**Data extract**
********************

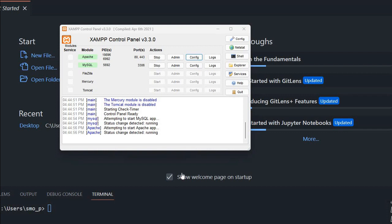Hi friends, we'll continue learning our PHP basics. Here I am inside the XAMPP control panel and you can see my Apache and MySQL is running. If you are new to what is this XAMPP control panel, you can watch our previous videos. The link is in the description.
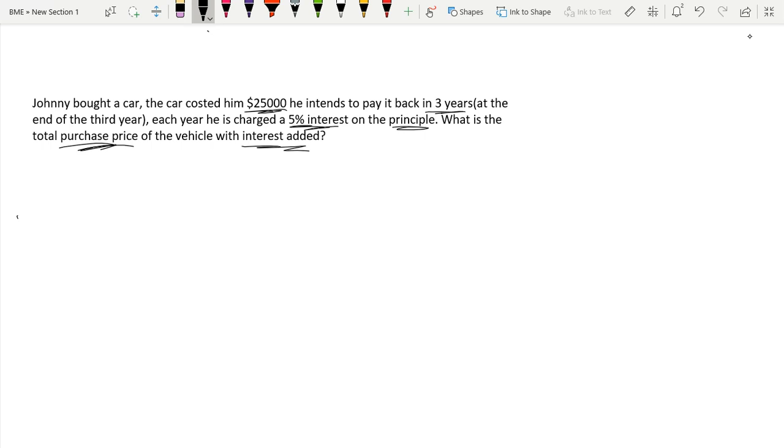So if he's being charged a 5% interest on the principal, this is essential. This means he's being charged simple interest.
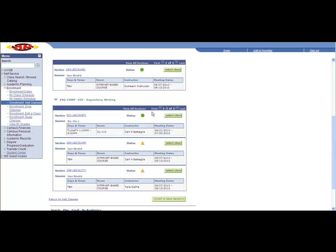I'm going to add the course that's open, which is offered Tuesday, Wednesday, Thursday, 1 to 3:30. Select Class.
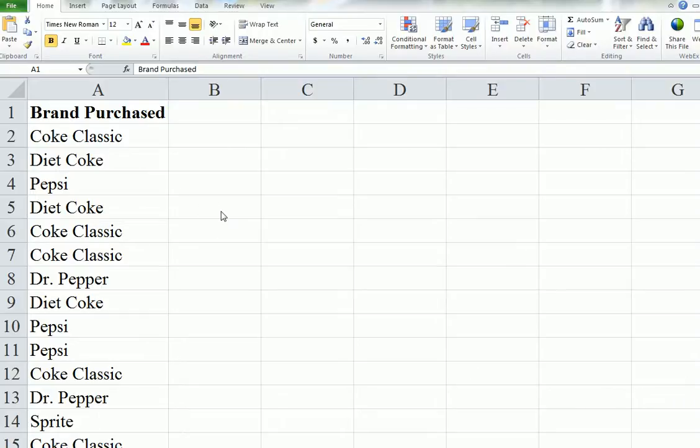In this demonstration, we are going to make a frequency table, relative frequency table, and percentage frequency table, plus a bar chart of some data.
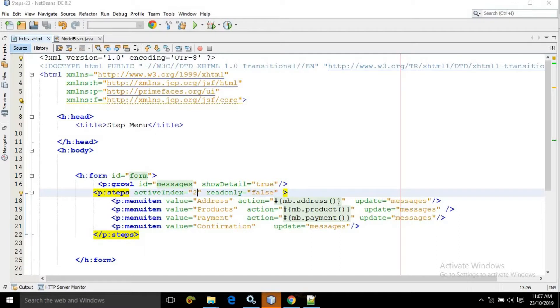Hi, myself Amar and I welcome you to Ripple's Code channel. In this video I will discuss another type of menu which is called as the step menu.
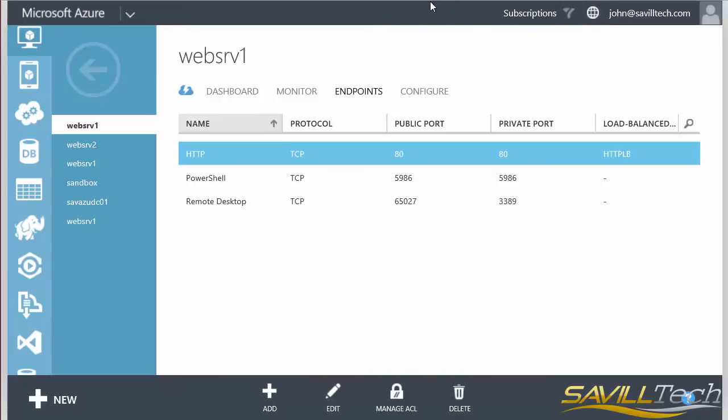At a high level, that's really all there is to it. Create all the VMs in advance, put them in an availability set, and configure auto scale at the cloud service level. This completes this walkthrough of auto scale in infrastructure as a service in Azure.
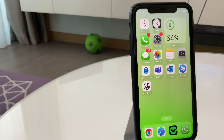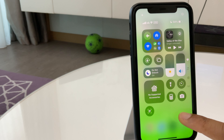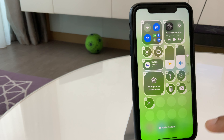The first thing we do is swipe from the top right corner to go to the control center. Next we press and hold just on the screen here, and now we have an option to add control. So let's press that.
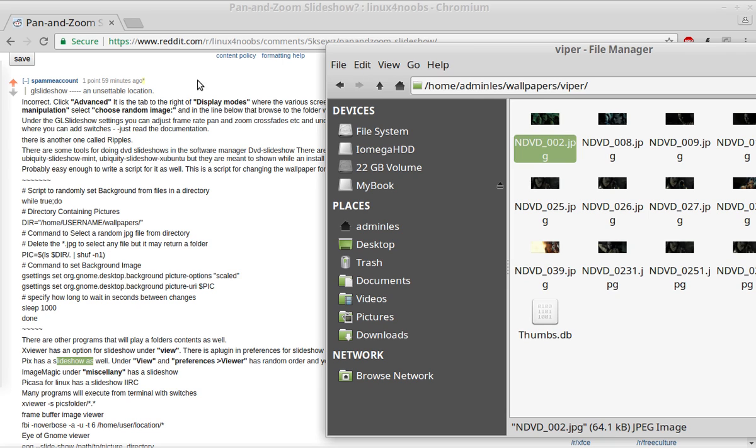But yes, Linux does have many ways of doing slideshows. So, that's it for this video.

********************

**Task statement**
Nothing but the lines from the line with "Hi, myself Amar" through the end of the listing should appear in the answer, each duplicated exactly, without pictures.

**Answer to the exercise**
Hi, myself Amar and I welcome you to Ripple's Code channel. In this video I will discuss another type of menu which is called as the step menu.
At a high level, that's really all there is to it. Create all the VMs in advance, put them in an availability set, and configure auto scale at the cloud service level. This completes this walkthrough of auto scale in infrastructure as a service in Azure.
The first thing we do is swipe from the top right corner to go to the control center. Next we press and hold just on the screen here, and now we have an option to add control. So let's press that.
But yes, Linux does have many ways of doing slideshows. So, that's it for this video.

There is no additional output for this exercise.